=== Supplied data ===
-- -- --

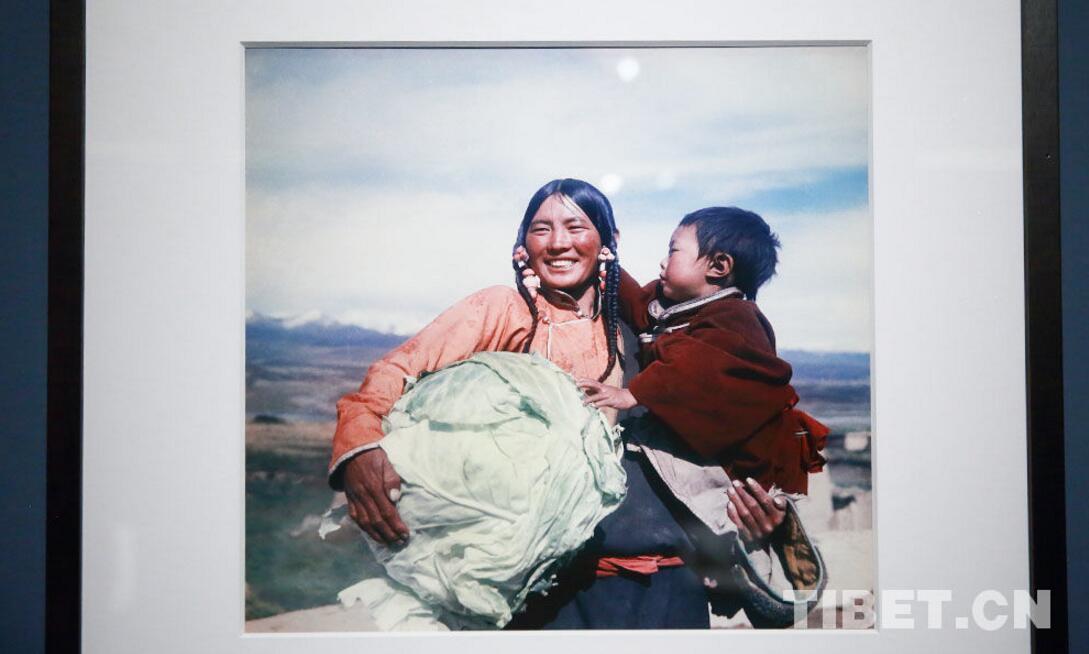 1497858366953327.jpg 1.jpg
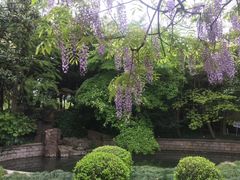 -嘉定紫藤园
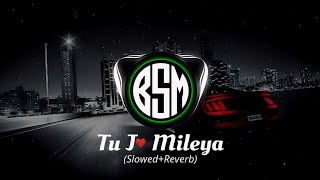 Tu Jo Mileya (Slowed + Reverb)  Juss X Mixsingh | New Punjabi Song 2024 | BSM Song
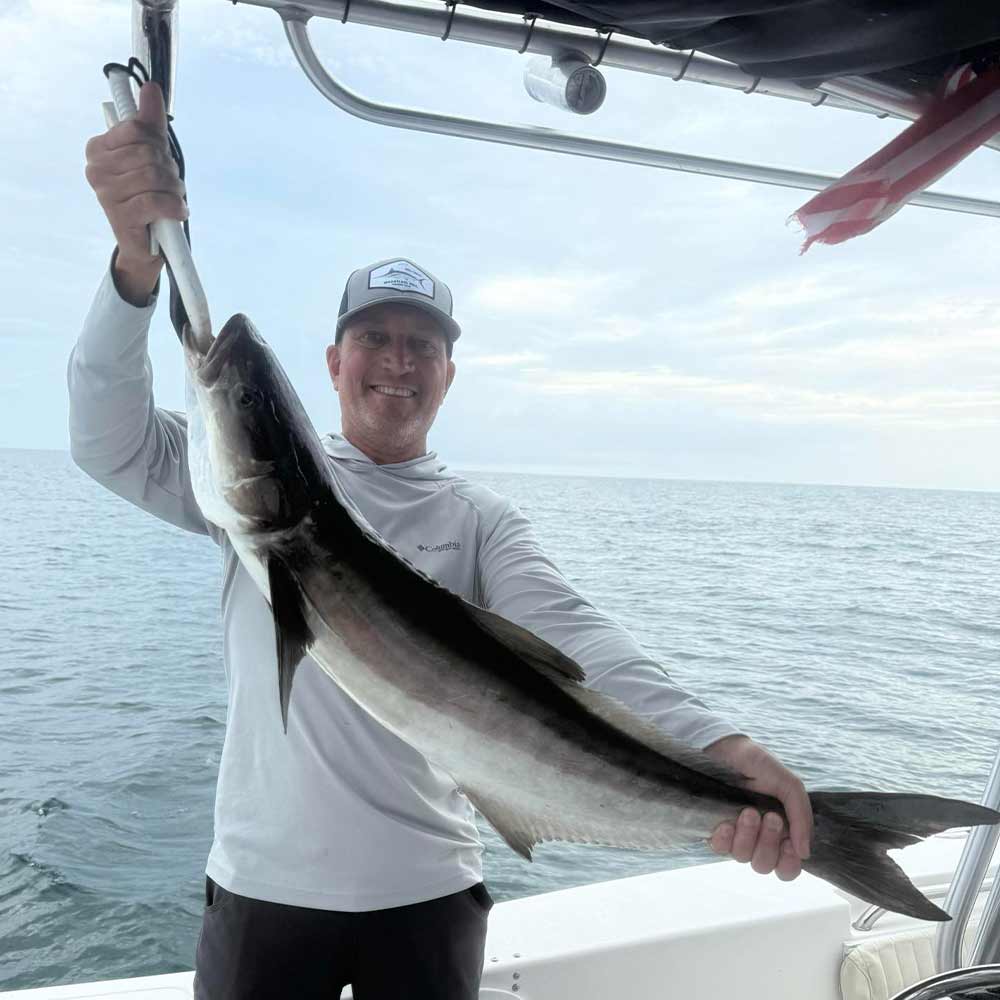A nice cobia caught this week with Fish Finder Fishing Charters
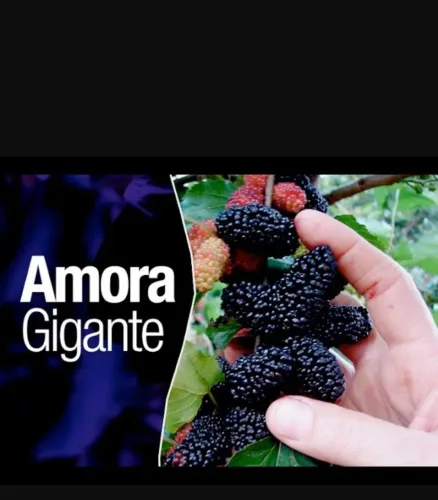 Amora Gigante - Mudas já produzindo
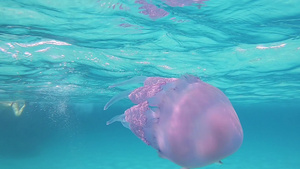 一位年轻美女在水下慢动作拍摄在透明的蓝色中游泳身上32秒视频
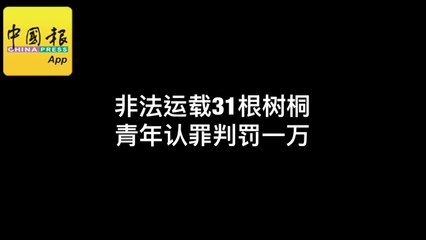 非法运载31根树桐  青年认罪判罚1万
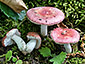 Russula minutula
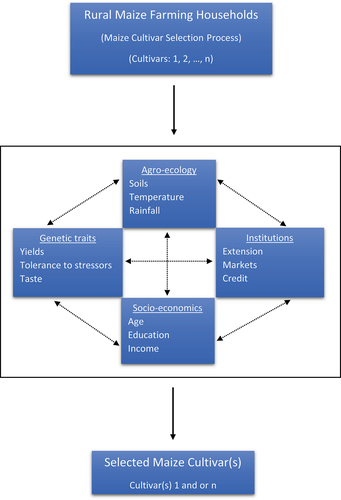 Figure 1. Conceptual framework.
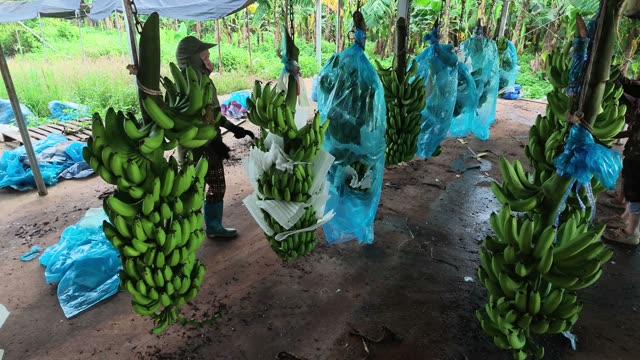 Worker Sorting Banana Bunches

-- -- --

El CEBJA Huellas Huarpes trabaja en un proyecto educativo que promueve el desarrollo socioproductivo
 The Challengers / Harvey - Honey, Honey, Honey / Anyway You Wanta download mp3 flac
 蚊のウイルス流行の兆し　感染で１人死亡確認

-- -- --

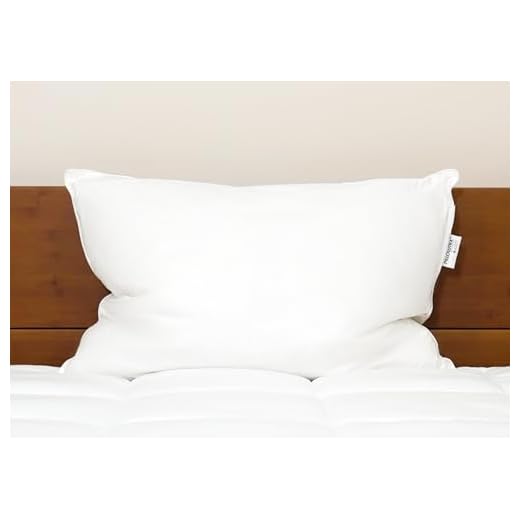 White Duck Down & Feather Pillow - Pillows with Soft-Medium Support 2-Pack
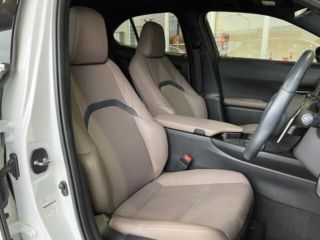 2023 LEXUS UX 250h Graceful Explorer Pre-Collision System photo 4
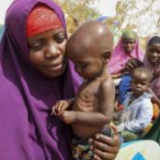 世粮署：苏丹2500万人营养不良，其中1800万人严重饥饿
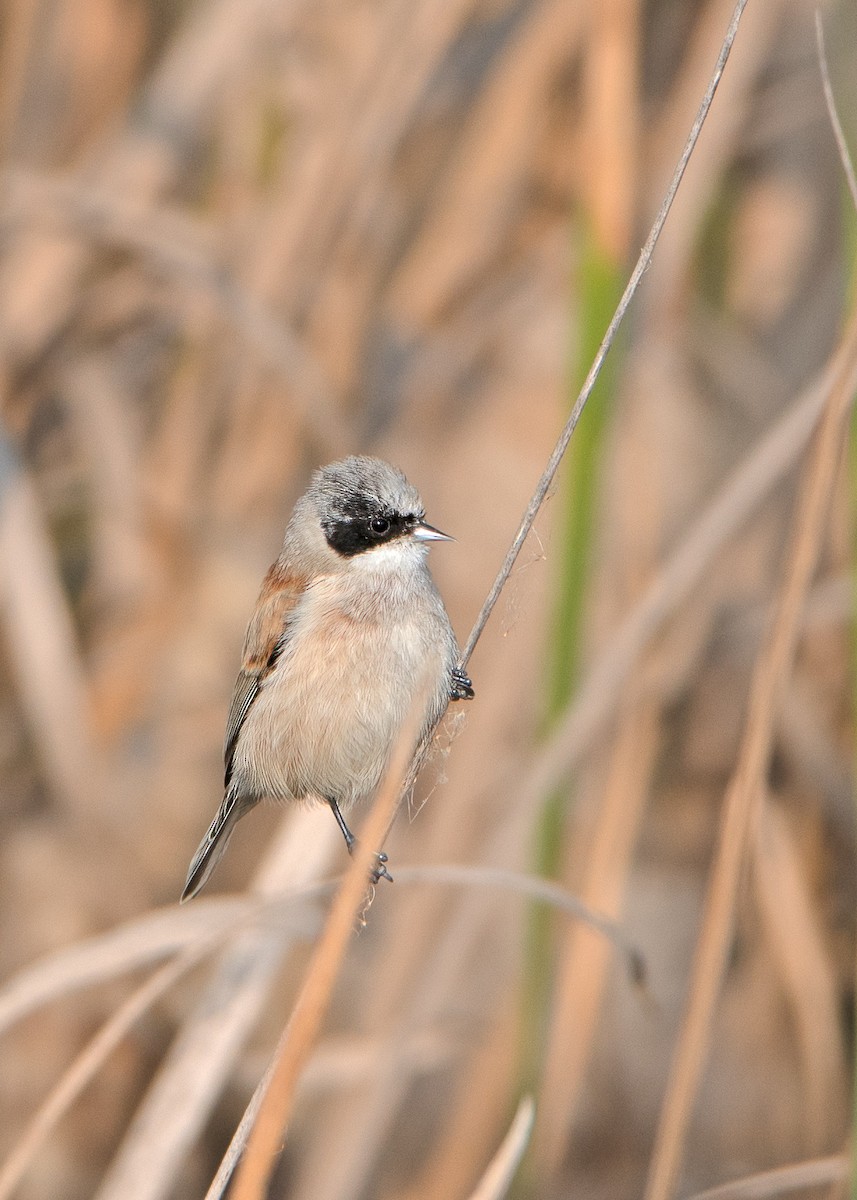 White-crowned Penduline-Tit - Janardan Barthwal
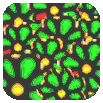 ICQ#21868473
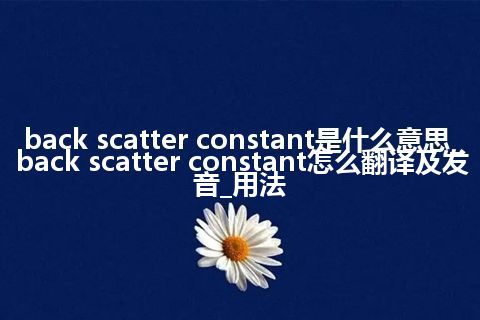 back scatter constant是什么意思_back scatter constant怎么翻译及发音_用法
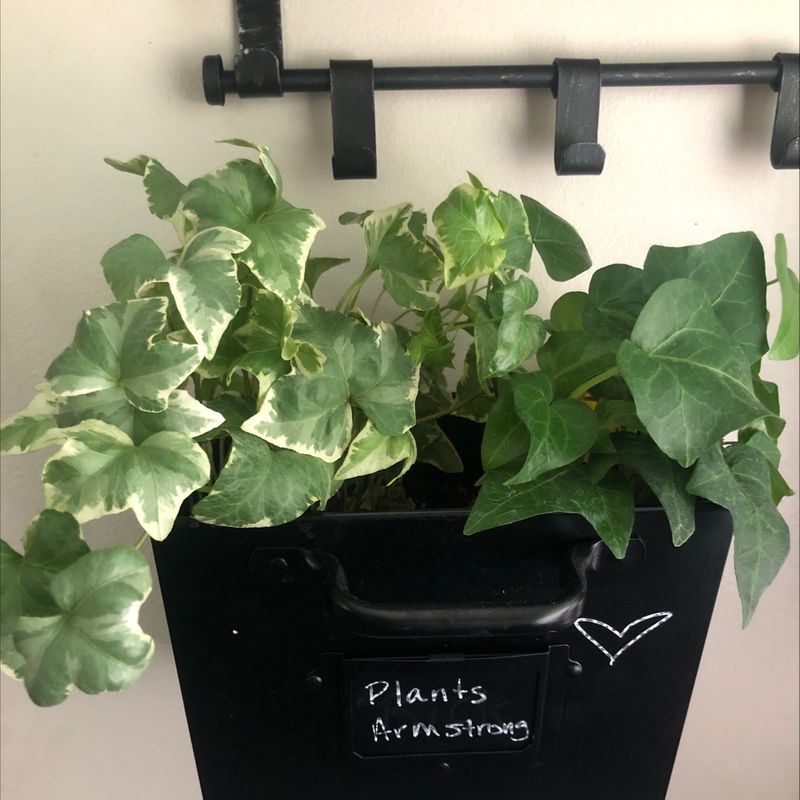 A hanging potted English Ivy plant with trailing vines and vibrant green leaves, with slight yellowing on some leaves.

-- -- --

=== Brief ===
Please copy out from the data above, without any picture, exactly the lines running from the one that holds "一位年轻美女在水下慢动作拍摄在透明的蓝色中游泳身上32秒视频" through the one that holds "Worker Sorting Banana Bunches", and nothing beyond them.

=== Answer area ===
 一位年轻美女在水下慢动作拍摄在透明的蓝色中游泳身上32秒视频
 非法运载31根树桐  青年认罪判罚1万
 Russula minutula
 Figure 1. Conceptual framework.
 Worker Sorting Banana Bunches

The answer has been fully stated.